A spokesperson for St. Louis Mayor Francis Slay said the CVC had rejected the Rams' renovation plan. The Rams' proposal had a price tag estimated by the city at $700 million, and it would also shut down the convention center for multiple years during renovations.
The CVC released a public statement saying it "expressed to the St. Louis Rams that it believes that it is in the best interest of the community and the Rams to engage in meaningful dialogue over the next two weeks, and looks forward to the opportunity to do so at the earliest convenience of Rams management."
The Rams' proposal, which can be read in its entirety online, calls for many improvements, including but not limited to:
- Moving roof panels in to allow for more natural light. The panels would be in a small portion of the roof.

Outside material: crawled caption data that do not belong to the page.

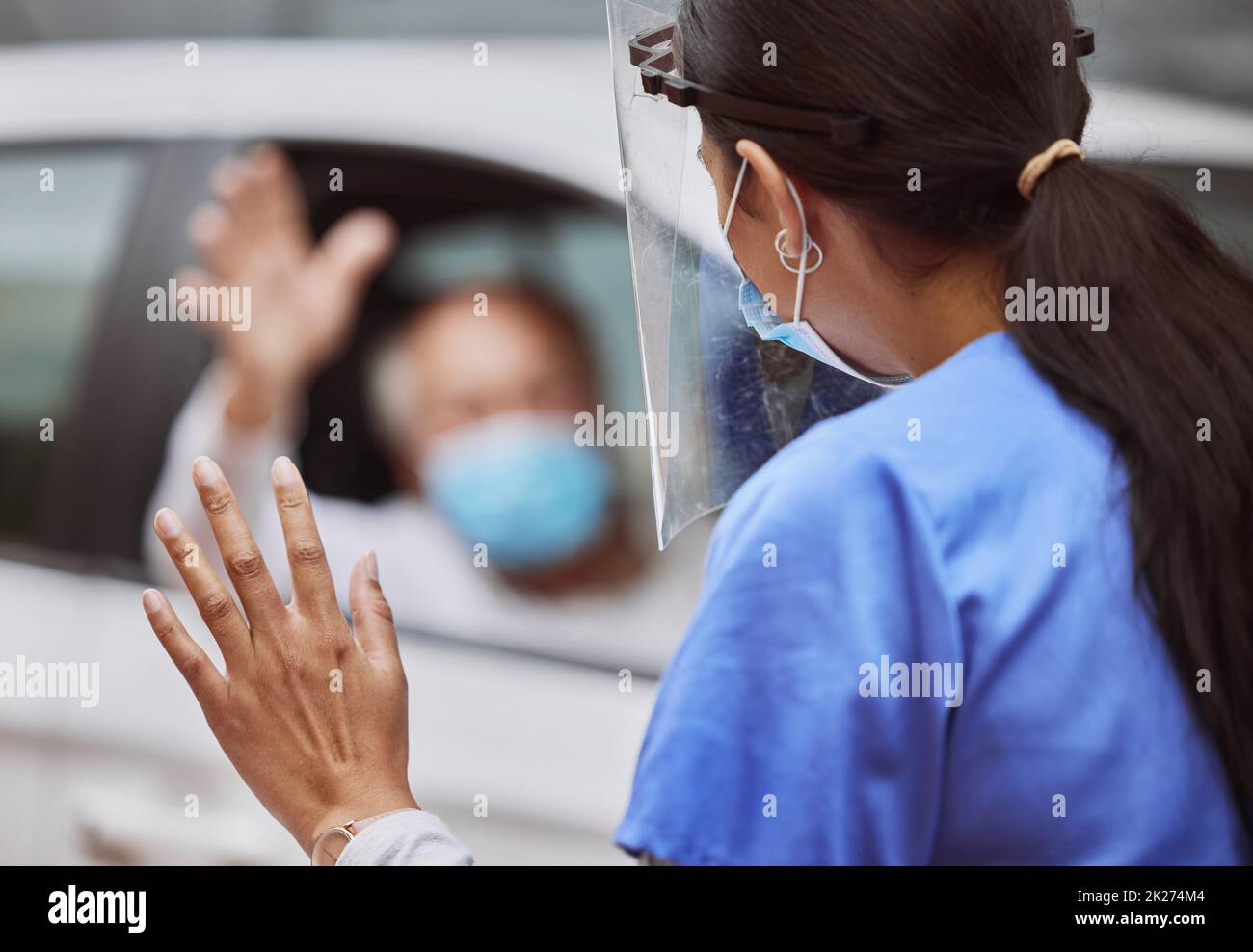 Bis bald. Aufnahme eines nicht erkennbaren Arztes, der auf einer Fahrt durch die Impfstelle einen Patienten anwinkt. Stockfoto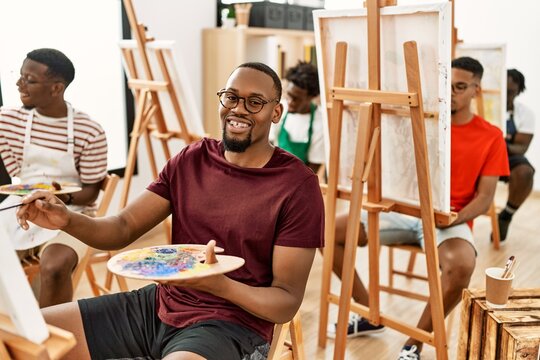 Group of young african american artist man smiling happy drawing at art studio.
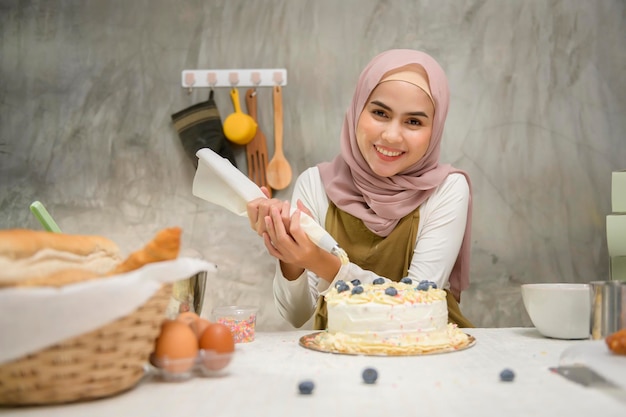 A jovem e bela mulher muçulmana está assando em sua padaria de cozinha e negócios de cafeteria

- The east side of the Dome to be demolished, adding new entrances and party areas.
- Two video scoreboards in the northeast and southwest corners of the stadium measuring 37' x 97'.
- Fixed general and club seating and a removable playing field surface that would provide approximately 66,000 seats for an NFL game. Lower bowl would be completely remodeled.
- Increased and expanded public amenities such as concession stands, stores and public toilets.
- Upgrades to the Rams' locker room and personnel offices.
The Rams rejected the initial proposal to upgrade the Edward Jones Dome submitted by the CVC in March. The plan outlined $124 million in stadium improvements, with more than 50 percent being funded by the Rams.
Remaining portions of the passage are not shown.